— DATA PROVIDED —

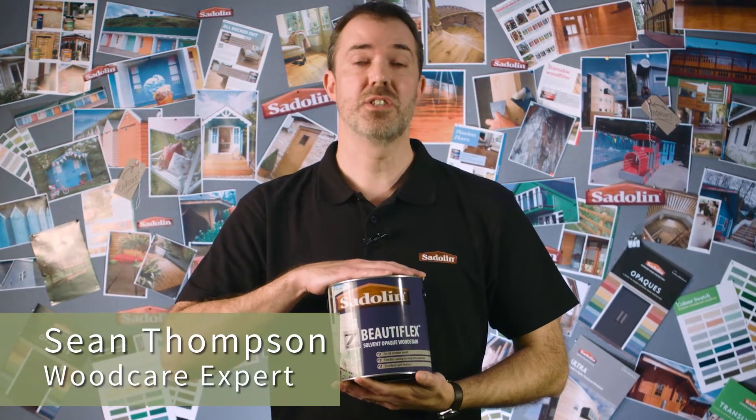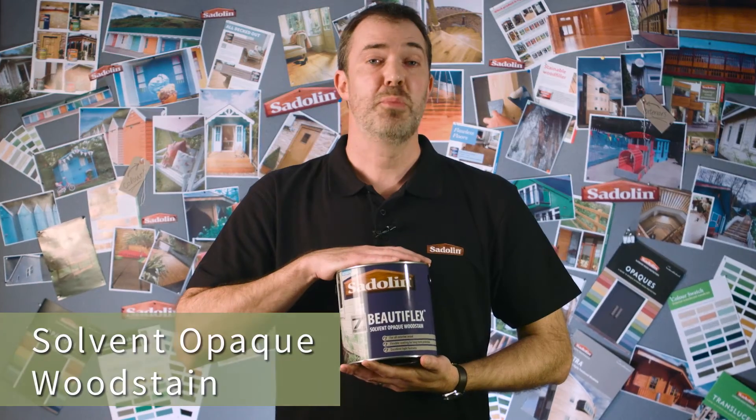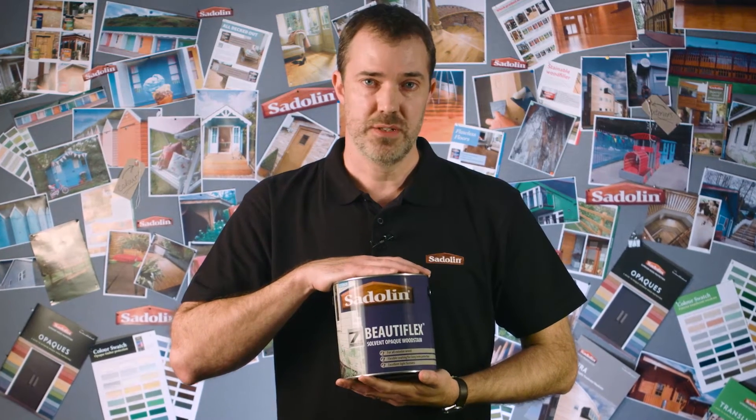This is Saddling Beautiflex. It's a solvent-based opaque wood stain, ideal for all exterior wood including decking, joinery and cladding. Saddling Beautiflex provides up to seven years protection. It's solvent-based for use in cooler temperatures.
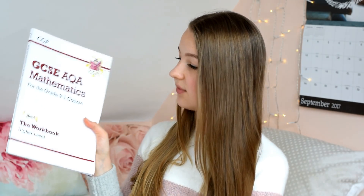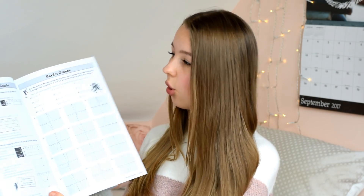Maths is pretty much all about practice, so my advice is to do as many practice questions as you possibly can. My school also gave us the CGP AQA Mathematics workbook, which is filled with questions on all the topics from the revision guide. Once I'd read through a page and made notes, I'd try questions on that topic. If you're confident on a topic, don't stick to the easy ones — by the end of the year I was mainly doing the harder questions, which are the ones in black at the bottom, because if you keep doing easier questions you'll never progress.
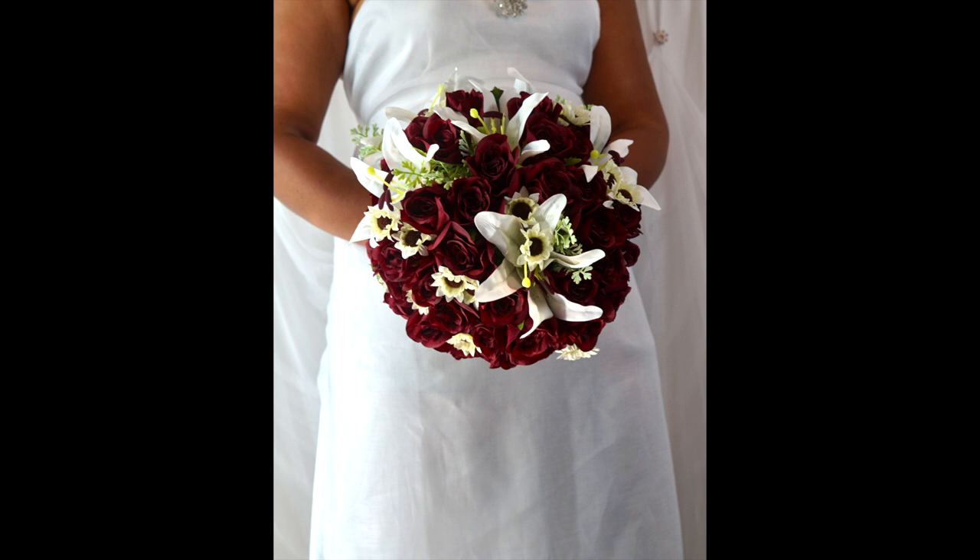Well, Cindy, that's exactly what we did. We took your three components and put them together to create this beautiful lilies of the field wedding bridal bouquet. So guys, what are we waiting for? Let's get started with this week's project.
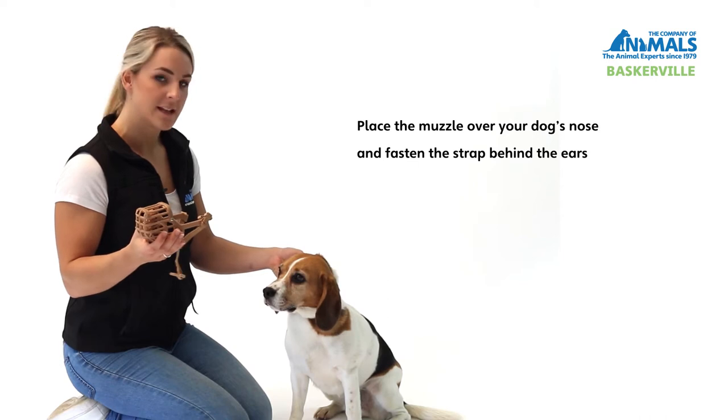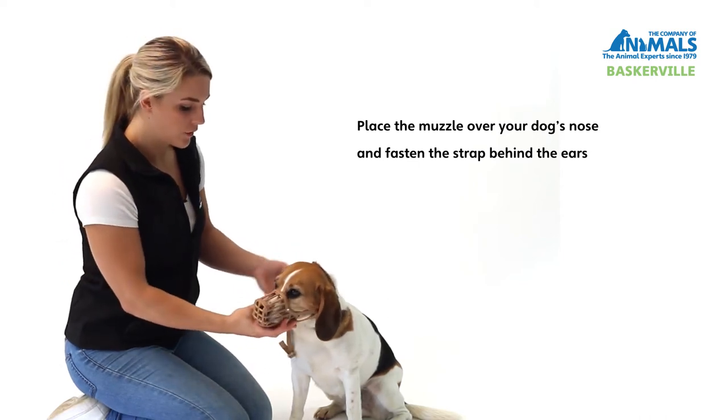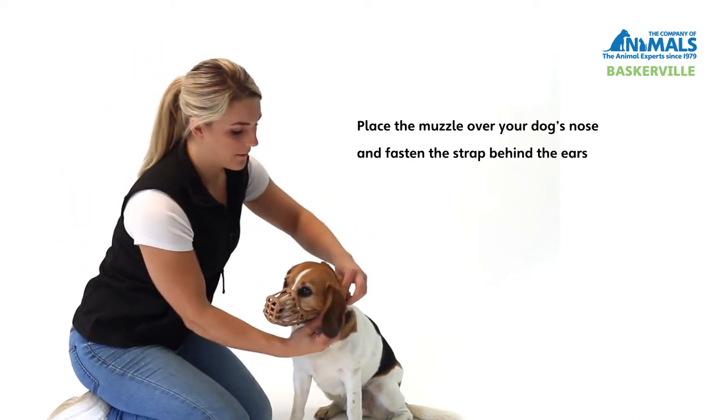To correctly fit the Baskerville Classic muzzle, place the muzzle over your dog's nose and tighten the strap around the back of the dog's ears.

— WORK REQUEST —
Omit every picture while copying the listing above exactly.

— EXERCISE ANSWER —
This is Saddling Beautiflex. It's a solvent-based opaque wood stain, ideal for all exterior wood including decking, joinery and cladding. Saddling Beautiflex provides up to seven years protection. It's solvent-based for use in cooler temperatures.
Maths is pretty much all about practice, so my advice is to do as many practice questions as you possibly can. My school also gave us the CGP AQA Mathematics workbook, which is filled with questions on all the topics from the revision guide. Once I'd read through a page and made notes, I'd try questions on that topic. If you're confident on a topic, don't stick to the easy ones — by the end of the year I was mainly doing the harder questions, which are the ones in black at the bottom, because if you keep doing easier questions you'll never progress.
Well, Cindy, that's exactly what we did. We took your three components and put them together to create this beautiful lilies of the field wedding bridal bouquet. So guys, what are we waiting for? Let's get started with this week's project.
To correctly fit the Baskerville Classic muzzle, place the muzzle over your dog's nose and tighten the strap around the back of the dog's ears.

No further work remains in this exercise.